Monday, August 27, 2012

Afghan soldier kills 2 U.S. soldiers, Taliban beheads 17 civilians

From the AP:
Insurgents attacked a large party in a Taliban-controlled area of southern Afghanistan [in the Musa Qala district of Helmand province] and beheaded 17 people, officials said on Monday...

In other violence, two American soldiers were shot and killed by one of their Afghan colleagues in the east, military officials said. Afghan officials [claimed the killings were] accidental... NATO would not comment on the question of whether the killings were intentional or accidental...
A spokesman for the Afghan army claimed that Afghan soldier fell and accidentally discharged his weapon. But the AP, in a separate report, notes that "a U.S. Defense Department official said the Afghan soldier fired a rocket-propelled grenade at the Americans, and that this seemed to indicate that it was an intentional act. The official, who spoke on condition of anonymity because an investigation is under way, said he was unaware of any indications that the shooting was accidental."
U.S. Marines have battled the Taliban for years in Musa Qala [the aforementioned district where the 17 civilians were beheaded], but the insurgent group still wields in significant power in the area as international forces across the country draw down and hand over control to Afghan forces. Helmand province, where Musa Qala is located, is one of the areas seeing the largest reduction in U.S. troops...
The Ap, in a separate report, notes: "Helmand was the centerpiece of President Barack Obama's surge, when he ordered 33,000 additional U.S troops to Afghanistan to help the military with a counterinsurgency plan. That plan hoped to turn the tide in Helmand and neighboring Kandahar and establish the governmental institutions that would allow the Afghan government to take control of the Taliban heartland.

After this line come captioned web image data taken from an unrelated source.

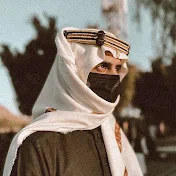 Riyadh Bin Turki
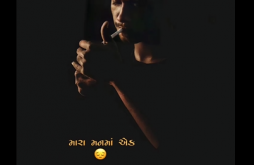 Gujarati Love  Status Video 2022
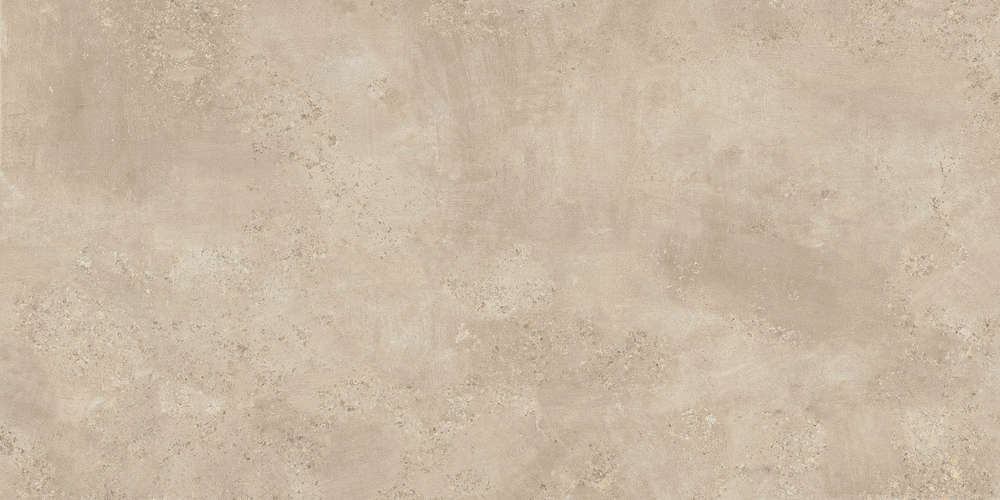 Baldocer Capital Beige Matt Rect 60x120 -15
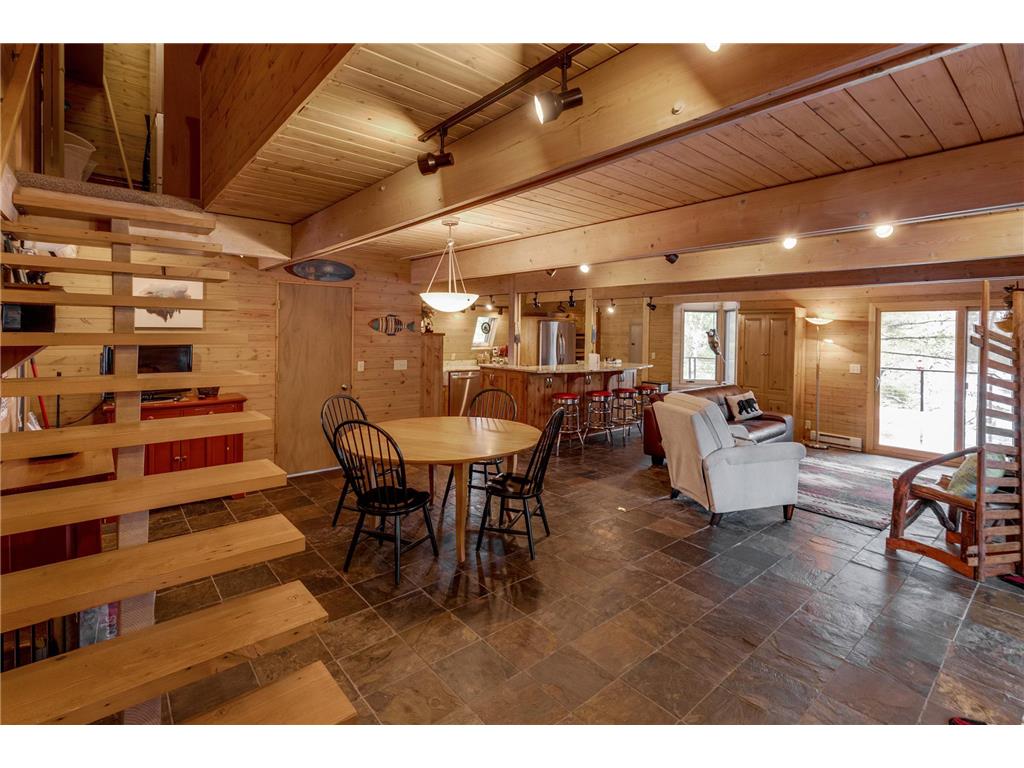 5239 Barnum Road NW Hackensack MN 56452 - Barnum 7062704 image5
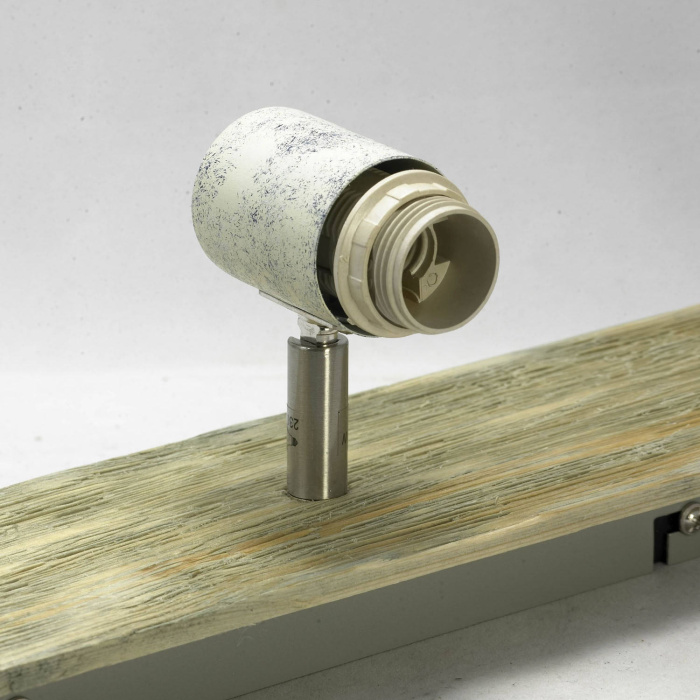 Спот MCCONNICO GRLSP-8059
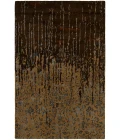 Chandra RUPEC RUP-39624 5 ft. X 7 ft. 6 in. Rect. Rug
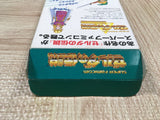The Legend Of Zelda A Link to the Past Boxed Super Famicom SNES Japan - UF6450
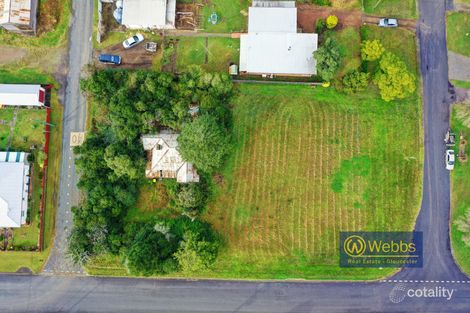 Property photo of 2 Gloucester Street Stroud NSW 2425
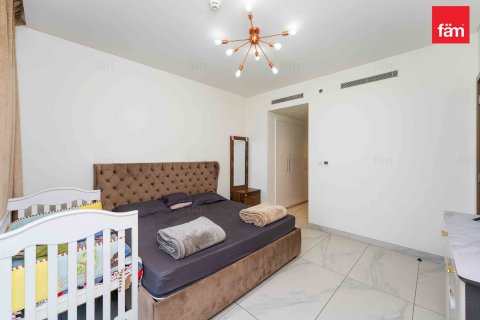 Apartmen di Dubai, UAE 3 bilik tidur, 142.3 meter persegi № 725798 - foto 14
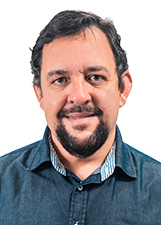 JAJÁ CAIC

"Two years later, however, Helmand is still so lawless that Afghan government officials couldn't even go to the Taliban-controlled town where the beheadings were reported. Many Afghans in the south, the Taliban's birthplace and the home of the country's Pashtun speaking population, are leery of a government that many consider to be corrupt and ineffective. The problem is compounded by a rapid reduction in American and international aid, which fueled most of the growth in the south in recent years."
Many Afghans and international observers have expressed concerns that the Taliban will try to re-impose strict Islamic justice as international forces withdraw. Under the Taliban, all music and film was banned as un-Islamic...

As the drawdown progresses, there has been a surge in attacks by Afghan forces against their international allies...

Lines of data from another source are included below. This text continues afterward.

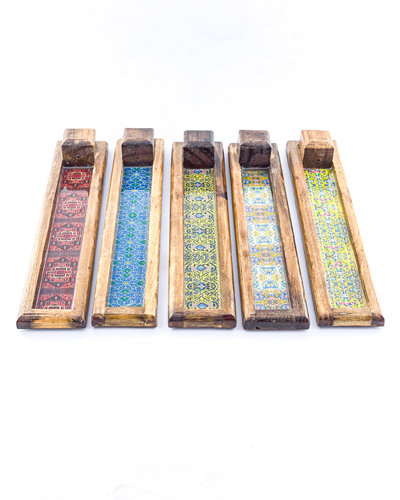 جاعودی سنتی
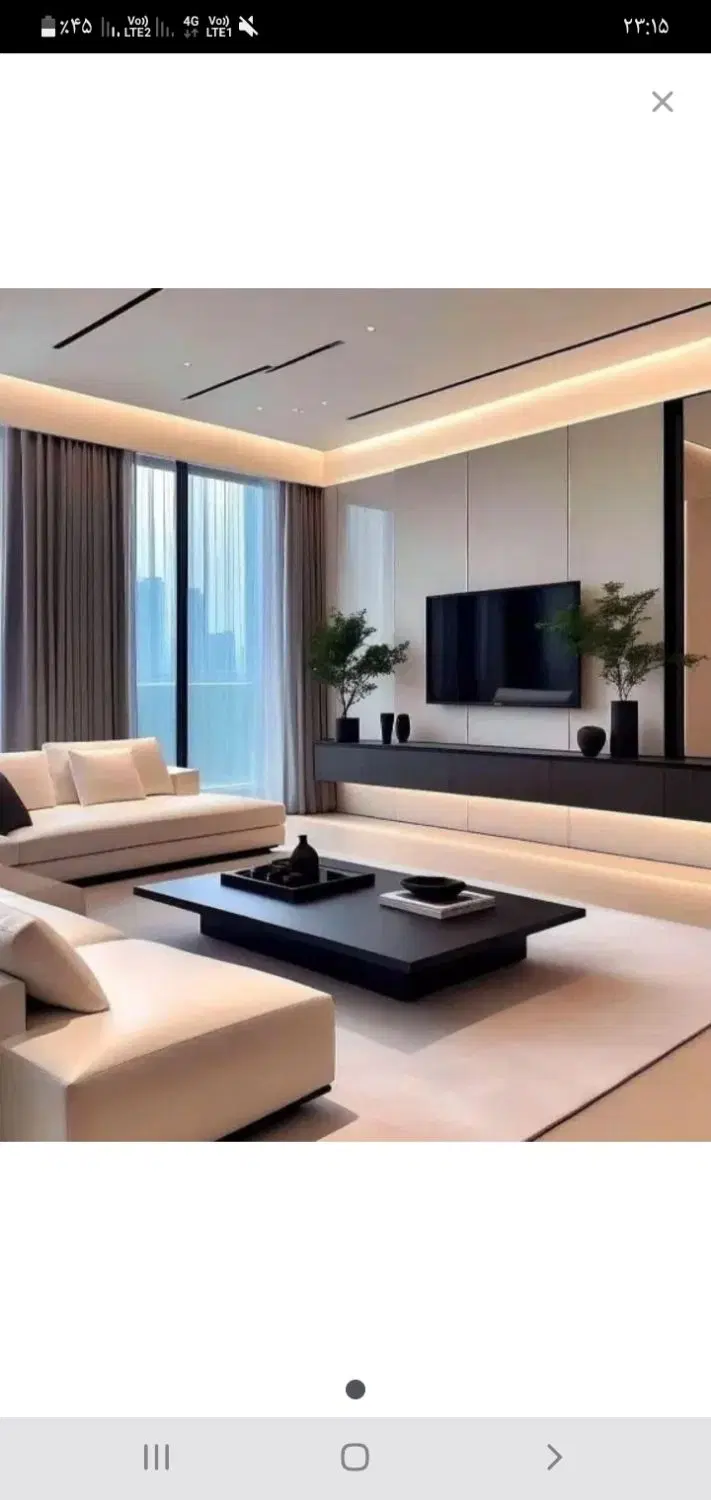 فروش آپارتمان ۶۰ متری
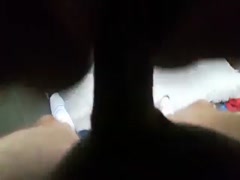Thumb 19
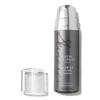 Sarah Chapman Skinesis Ultimate Cleanse (100ml) by SARAH CHAPMAN London view 2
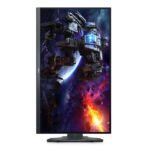 Dell 27 G2724D 27" QHD 165Hz Gaming Monitor [Ex-Display] - Image 4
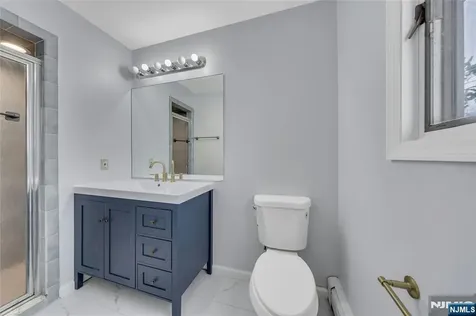 2410 3rd Street Fort Lee NJ 07024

Insider attacks have been a problem for the U.S.-led military coalition for years, but it has exploded recently into a crisis. There have been at least 33 such attacks so far this year, killing 42 coalition members, mostly Americans. Last year there were 21 attacks, killing 35; and in 2010 there were 11 attacks with 20 deaths. The latest killings brought the number of Americans killed by allied forces this month to 12.